The development of the world's first effective coronavirus vaccine candidate has turned the world’s attention to two Turkish-German scientists who achieved the breakthrough.
The pharmaceutical company BioNTech, which Dr. Ugur Sahin and his wife, Dr. Ozlem Tureci, founded in 2008, managed to develop an experimental vaccine together with its American partner Pfizer which was found to be more than 90% effective in preventing COVID-19.
On Monday, Sahin, who is BioNTech’s CEO, announced positive results from the Phase 3 trials and expressed hope that their efforts would help bring an end to the global health crisis.

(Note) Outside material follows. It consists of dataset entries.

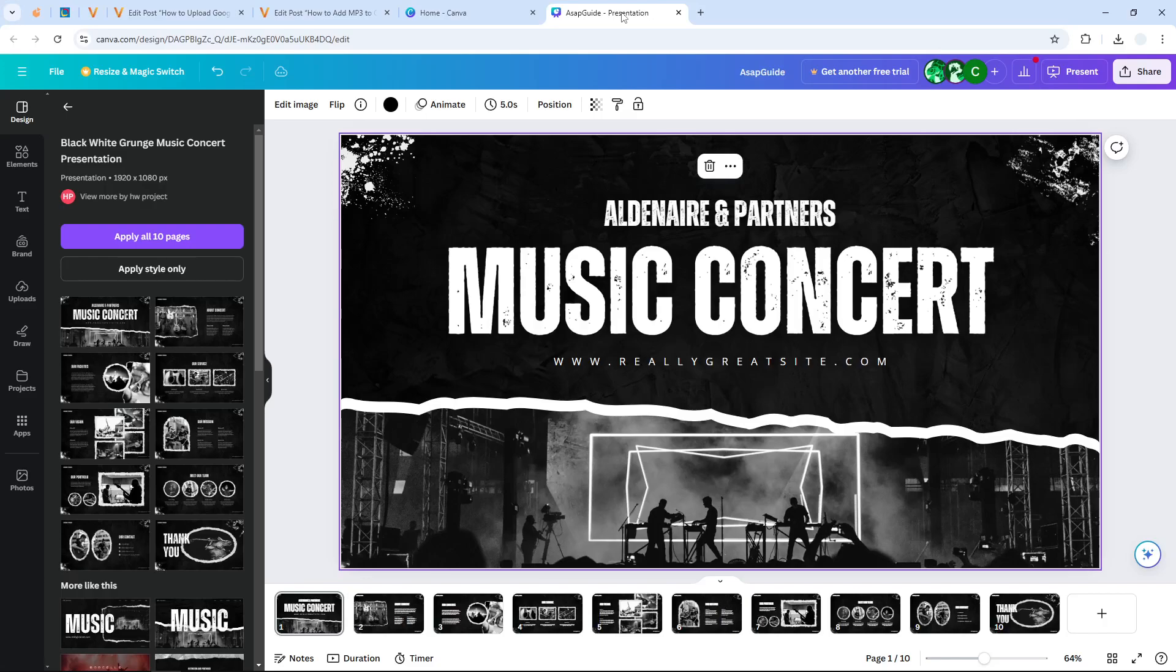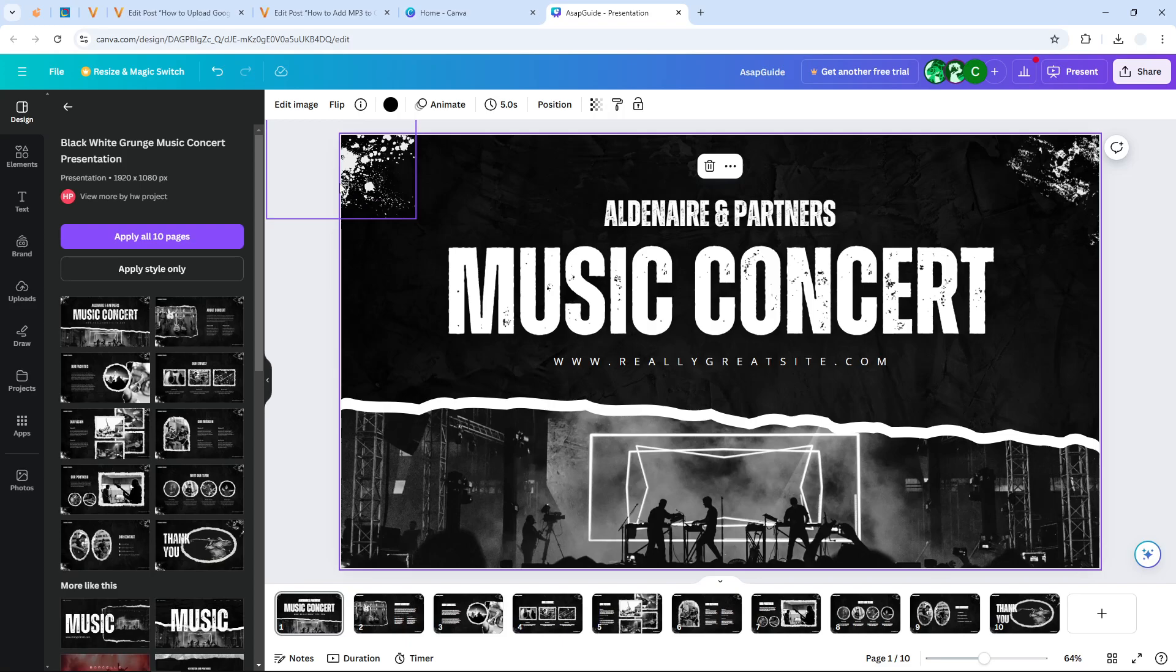Hi, in this video I'm going to show you how you can upload an MP3 file as a background music for your Canva presentation. What you need to do is open the document and then navigate to the upload menu.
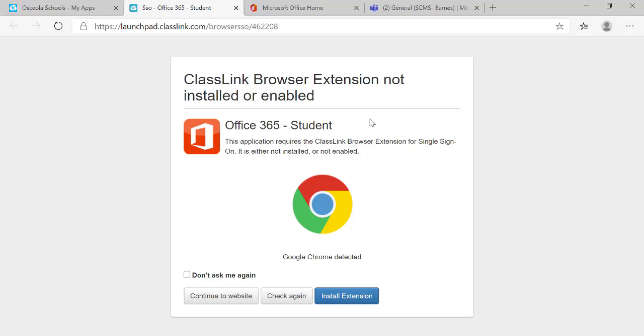It asks me if I want to install the extension. In this case, I'm going to say continue to website. If you plan on going to Office 365 often, you may want to install the extension.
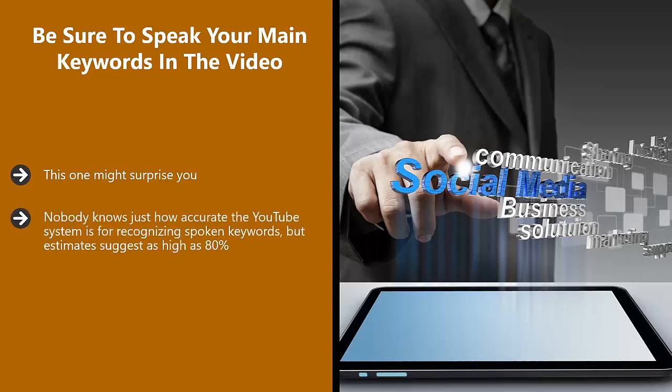This will continually improve, so it is really worth mentioning your main keyword and some secondary keywords in your video. Be sure to plan for this when creating your video script.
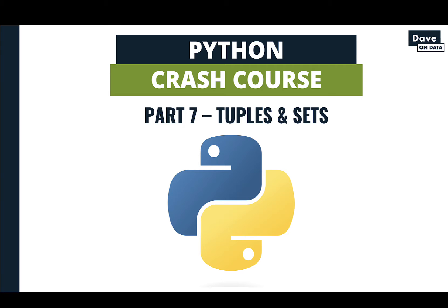Welcome to part 7 of this Data Science tutorial series, a Python crash course. The topic of this video is Python tuples and sets.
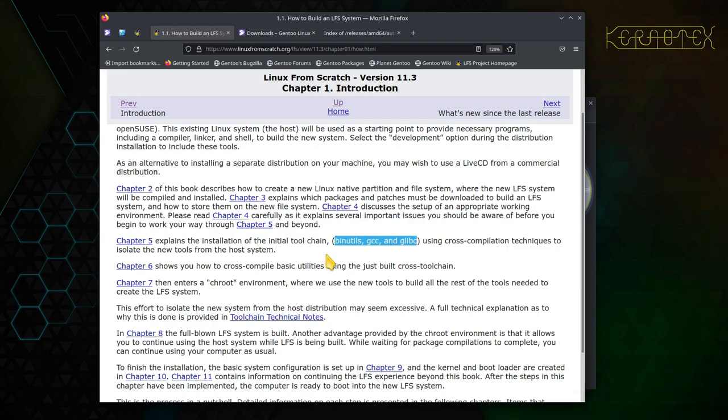They're all very closely tied together and generally you can't update one without the other. You can sometimes if it's a small jump in version number, but generally you wouldn't, for example, update gcc without updating the others too far ahead, because there's an interoperability between all these three packages. They rely on functions and features between each other. They're very closely tied even though they do different jobs.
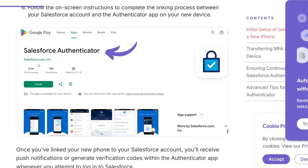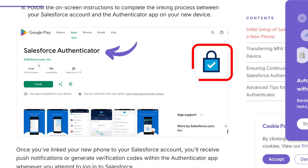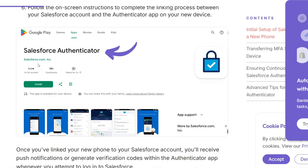The first thing you should do is search for Salesforce Authenticator on your phone. Go to your App Store or Play Store, whether you are using iOS or Android, and download the Salesforce Authenticator. Make sure it has the same logo as this one right here, and make sure that the issuer or the developer is Salesforce.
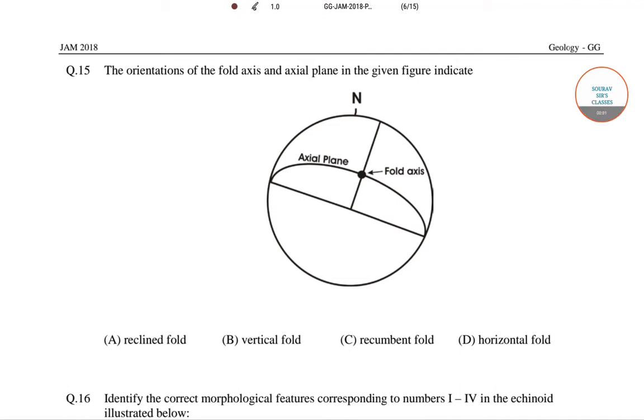Hello students, welcome to Sorosos classes. In this video, I will be solving some of the questions of geology from JAM 2018.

“The first interim analysis of our global Phase 3 study provides evidence that a vaccine may effectively prevent COVID-19. This is a victory for innovation, science and a global collaborative effort,” he said.
Immigration success story
The success of Sahin and Tureci, renowned scientists in the field of oncology and immunology in Germany, made headlines after the announcement both in local and international media outlets.
“The German couple behind the vaccine are an immigrant success story,” British daily The Telegraph reported, highlighting that both scientists were from Germany’s three-million-strong Turkish community.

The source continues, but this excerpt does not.